• [Recorded data]:
-----

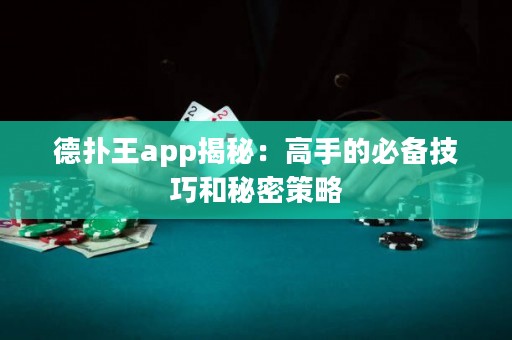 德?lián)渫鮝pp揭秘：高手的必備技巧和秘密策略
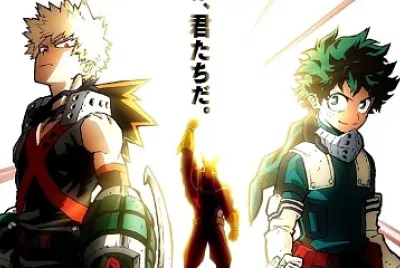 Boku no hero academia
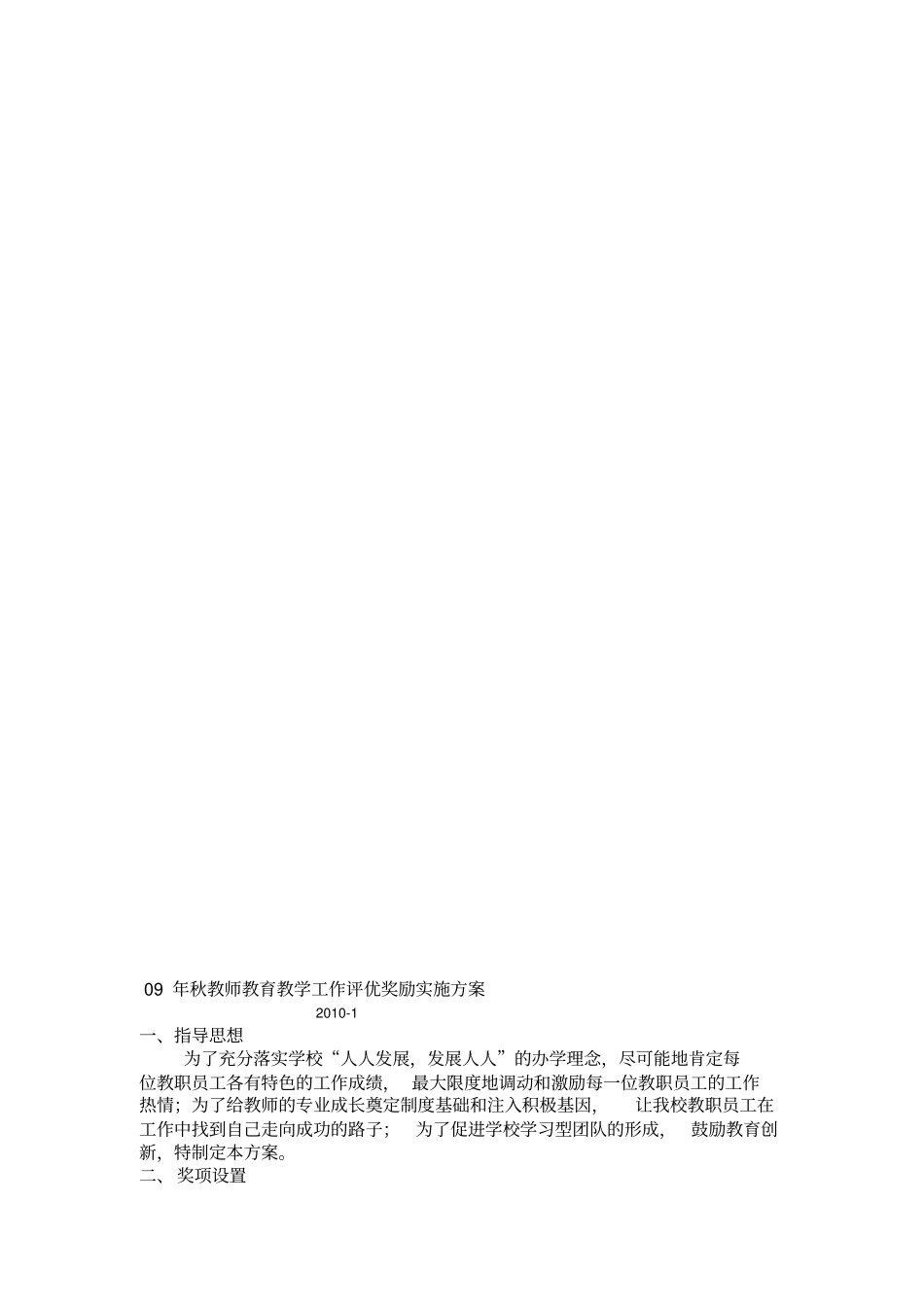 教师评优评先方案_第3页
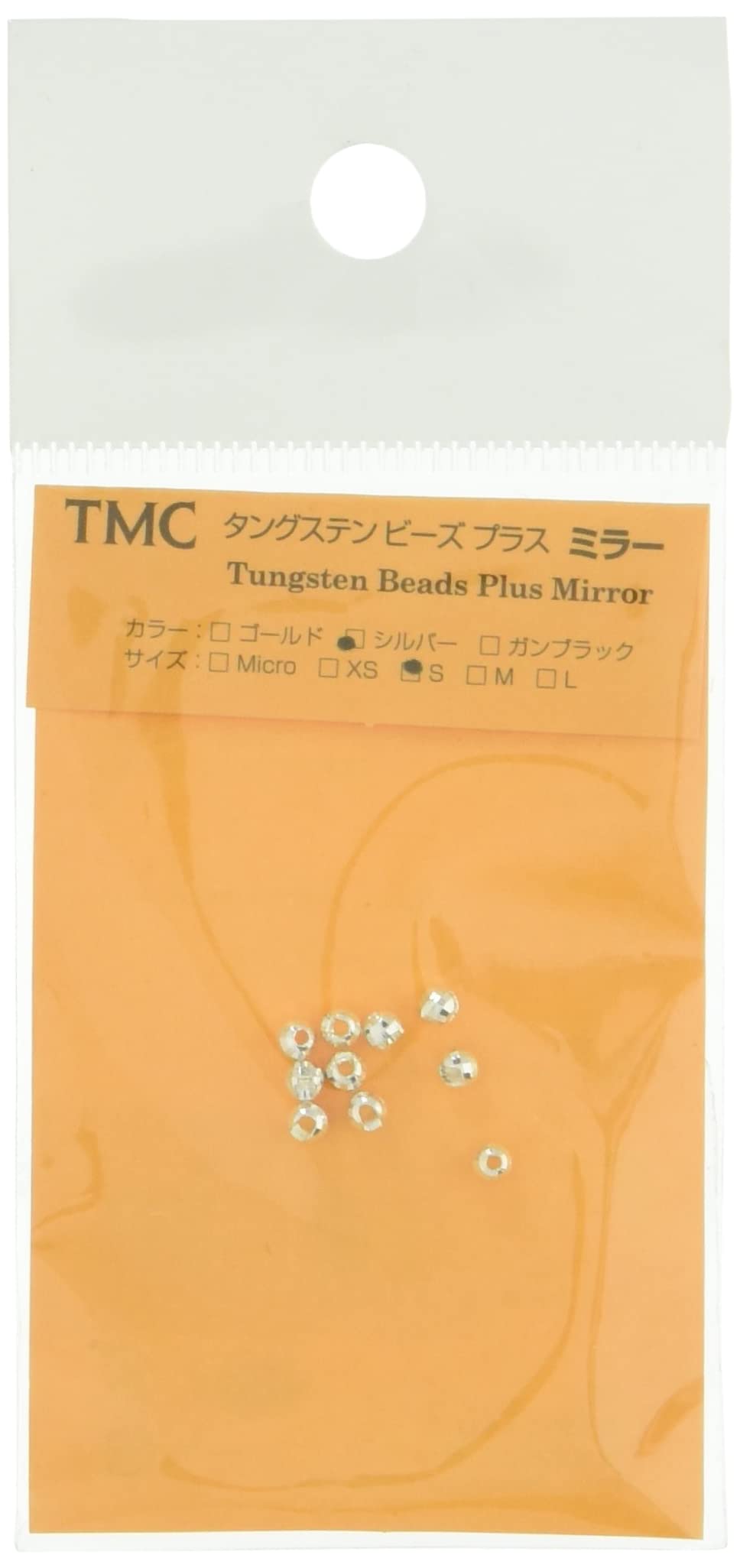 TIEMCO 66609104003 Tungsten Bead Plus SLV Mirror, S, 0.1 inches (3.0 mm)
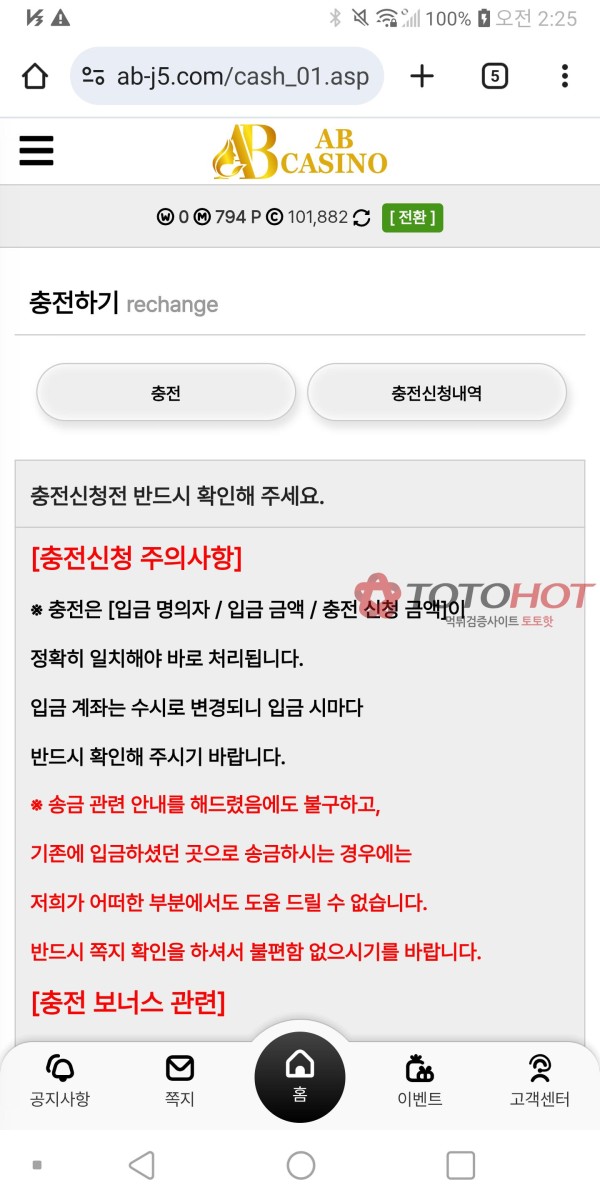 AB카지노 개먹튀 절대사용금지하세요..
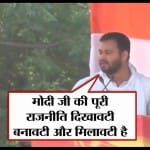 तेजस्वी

-----

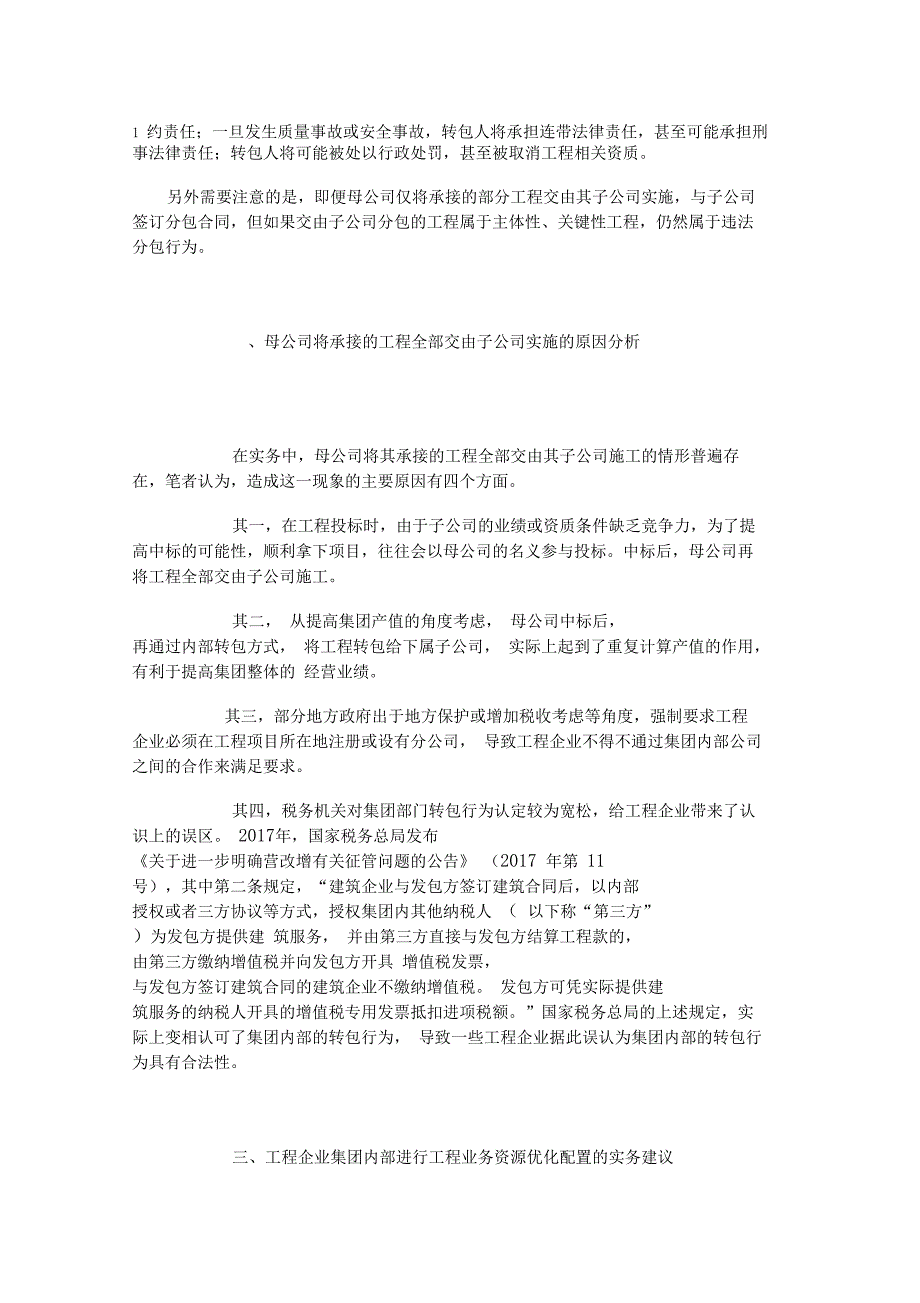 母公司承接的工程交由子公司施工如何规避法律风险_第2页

-----

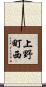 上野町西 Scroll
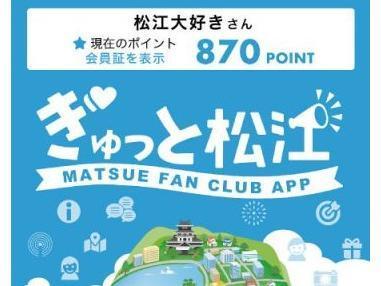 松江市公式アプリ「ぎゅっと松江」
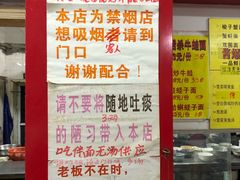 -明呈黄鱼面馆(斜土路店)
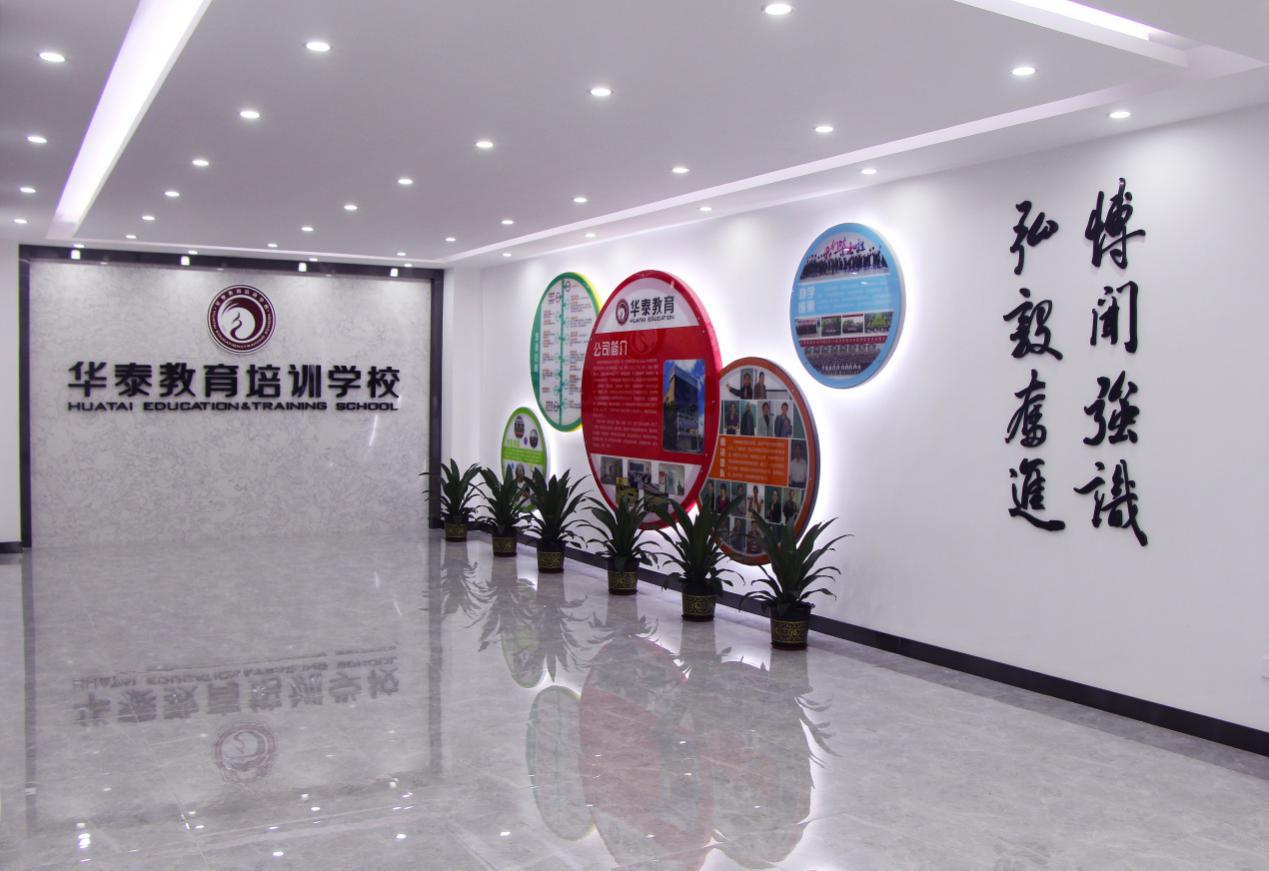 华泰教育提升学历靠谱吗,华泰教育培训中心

-----

• [Activity]: From the line containing "上野町西 Scroll" through the line containing "华泰教育提升学历靠谱吗,华泰教育培训中心", copy every line above exactly, without pictures.

• [Task result]:
 上野町西 Scroll
 松江市公式アプリ「ぎゅっと松江」
 -明呈黄鱼面馆(斜土路店)
 华泰教育提升学历靠谱吗,华泰教育培训中心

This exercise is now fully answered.